Soylent Green is a mixed form of cannibalism: the people who don’t hear Thorn’s message are “innocent cannibals” who continue to believe the plankton story, while those who do hear have little option but to ignore the message: like the stranded footballers in Alive, the poor can either eat dead people or starve. The abjection of processed corpses is probably of minor concern to the masses: barely eking out an existence, sleeping on stairwells or in abandoned cars, murdered at the rate of hundreds per day, herded like cattle and shifted with bulldozers when they complain. The disrespect of the dead, so shocking to Thorn who has discovered the good life in Simonson’s apartment, is mild compared to the suffering of the starving masses. Abjection is a luxury only the ruling class can afford. Class if everything for the living: a tiny minority of powerful men live in heavily guarded apartment blocks enjoying fresh food and “furniture” women, while the rest live in squalor. At death, though, all are equal: the same sanitation truck picks up (and pays for) Simonson’s corpse as anyone else’s. Rich and poor alike become crackers.

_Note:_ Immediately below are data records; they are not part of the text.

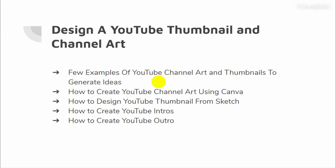Next is designing YouTube thumbnails and channel art. I'll show you a few examples of YouTube channel art and thumbnails to generate ideas, how to create YouTube channel art using Canva, how to design a YouTube thumbnail from scratch, how to create YouTube intros in Canva, and how to create YouTube outros in Canva.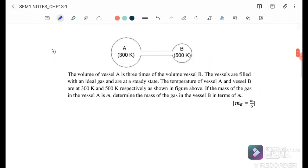Exercise 3: The volume of vessel A is three times the volume of vessel B. Both vessels are filled with an ideal gas at steady state — meaning they have the same pressure. The temperature of vessel A is 300 K and vessel B is 500 K.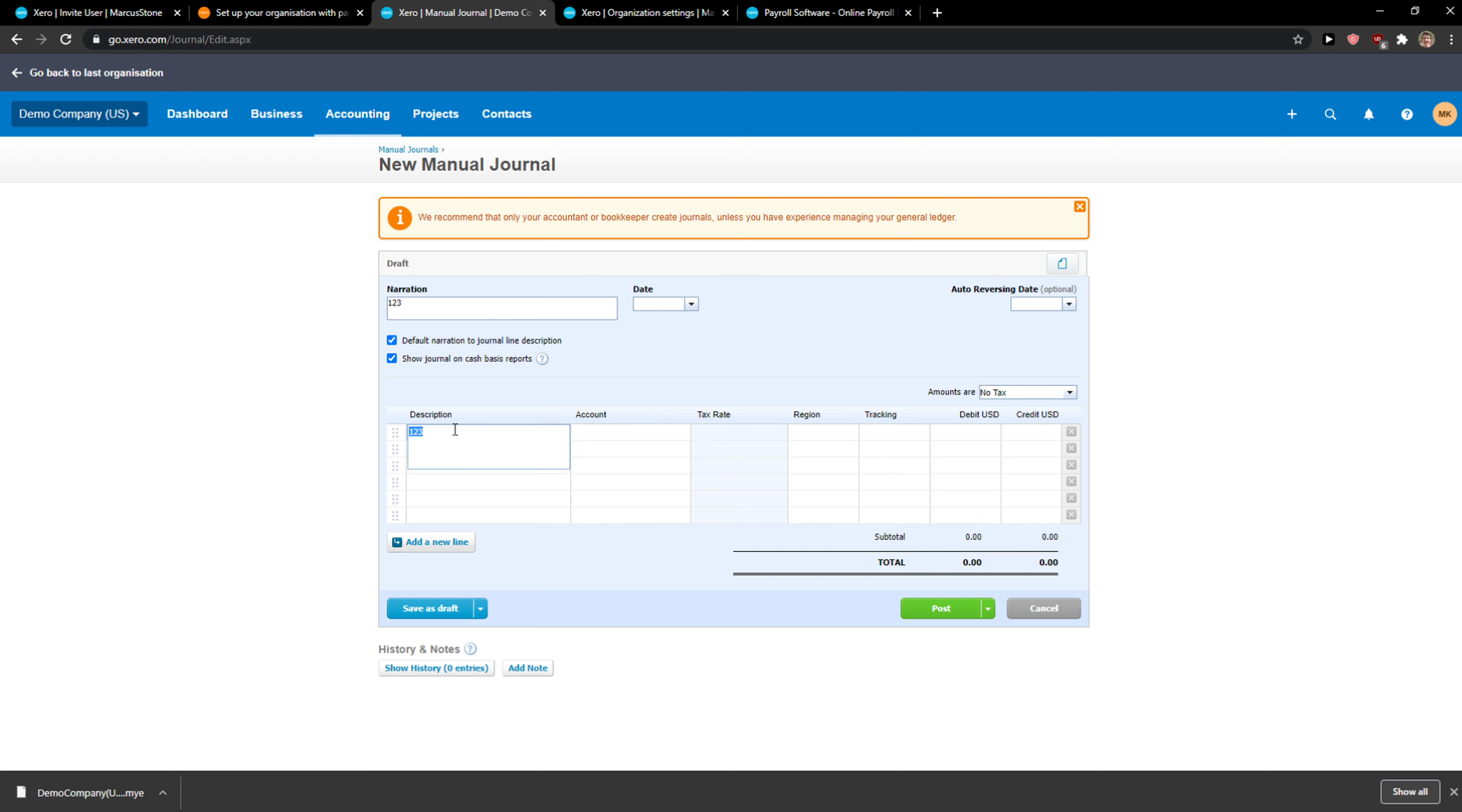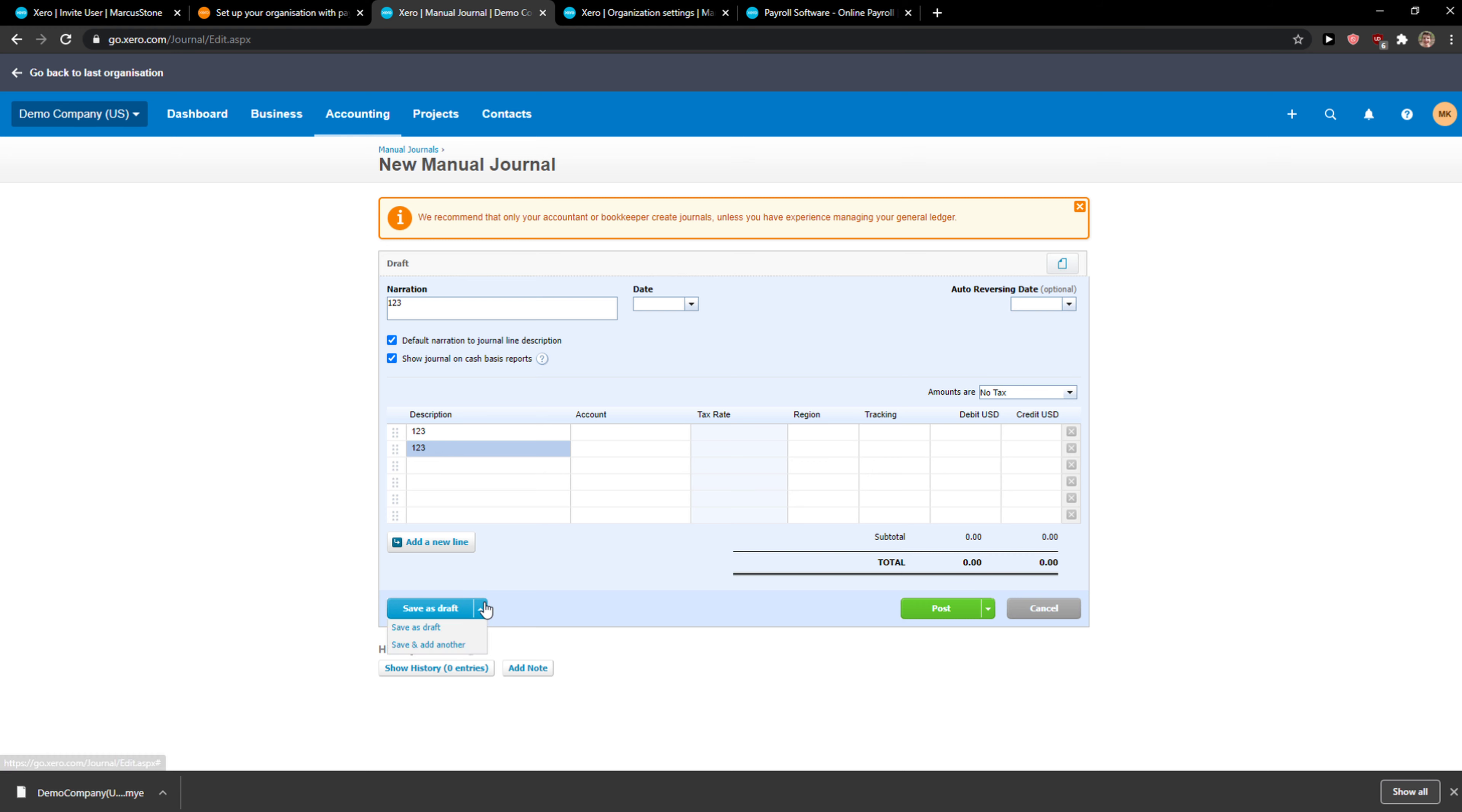Narration and you just add your description here. If you want to and date, auto reversing date. And then you just save draft or you can just post it.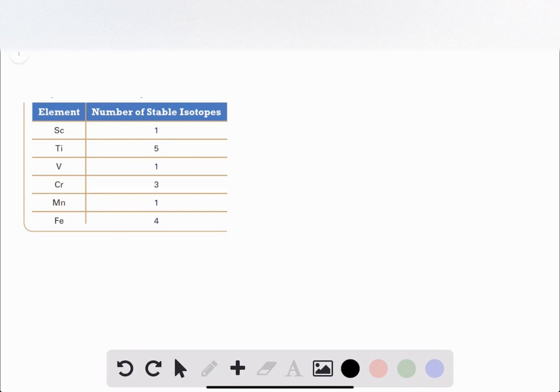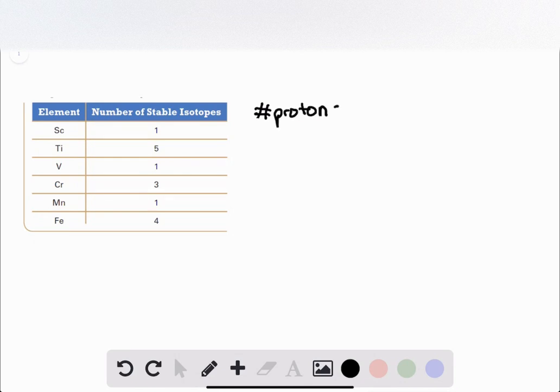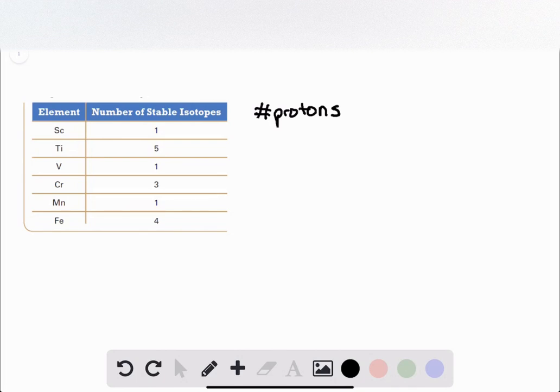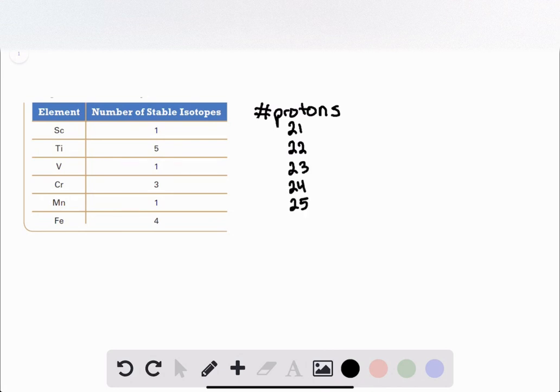That metric is the number of protons. As we start to fill in this table and consider the number of protons, these are in order in the transition bar: 21, 22, 23, 24, 25, and finally iron has 26.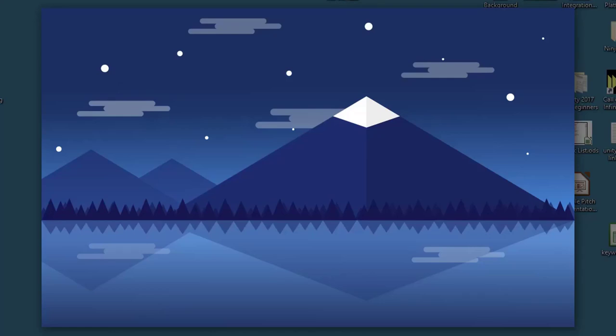Hello guys, so in this video we are going to create a night background similar to this. So let's get started.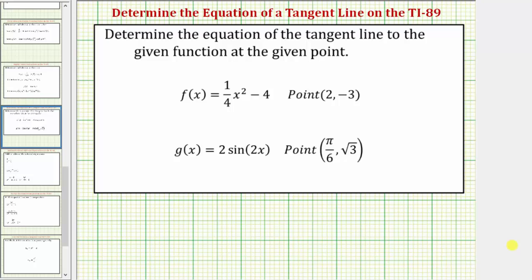Welcome to a tutorial on how to determine the equation of a tangent line using the TI-89 graphing calculator. We'll look at two examples. In the first example we're given f of x equals one-fourth x squared minus 4, and we're asked to determine the equation of the tangent line at the point 2 comma negative 3.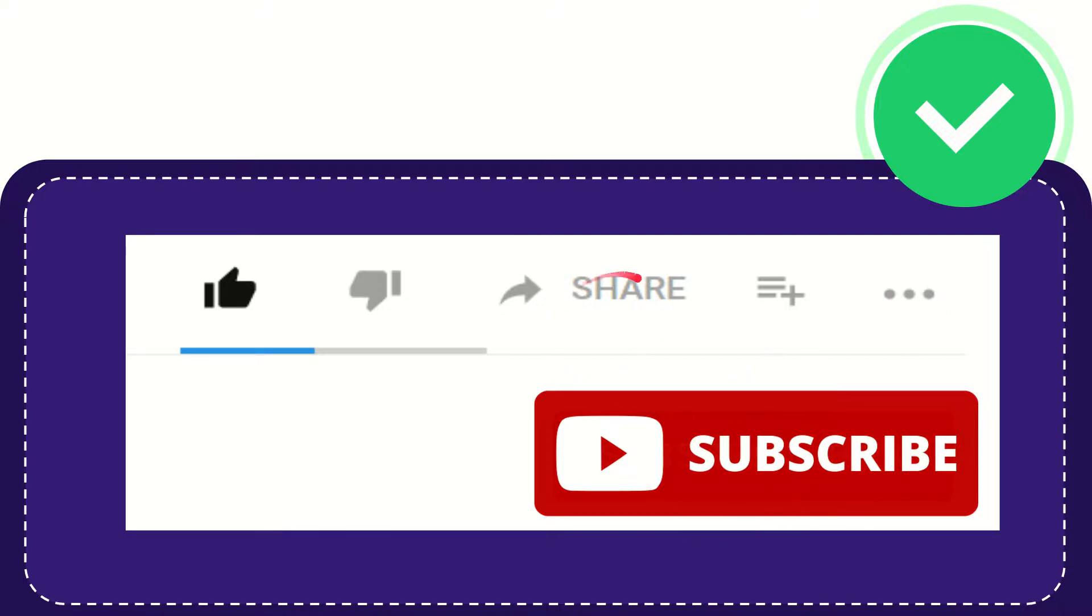I think that's all of it. Thank you so much for watching this video, and see you again in another video. Bye-bye. See you again.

The reviewer John Puccio called Soylent Green “a movie based on an ending. And if you can’t figure out that ending ten minutes into the movie, you aren’t paying attention”. It is one of the most revealed spoilers of any film, with those who have never seen the film knowing the quote, thanks largely to a satirical version on Saturday Night Live. Despite this, I find the film still compelling; its vision of a near future dystopia caused by global warming, more relevant now than ever, offers a glimpse into the mirror: if what we fear comes to pass, would we eat the green crackers or instead choose to go “home”?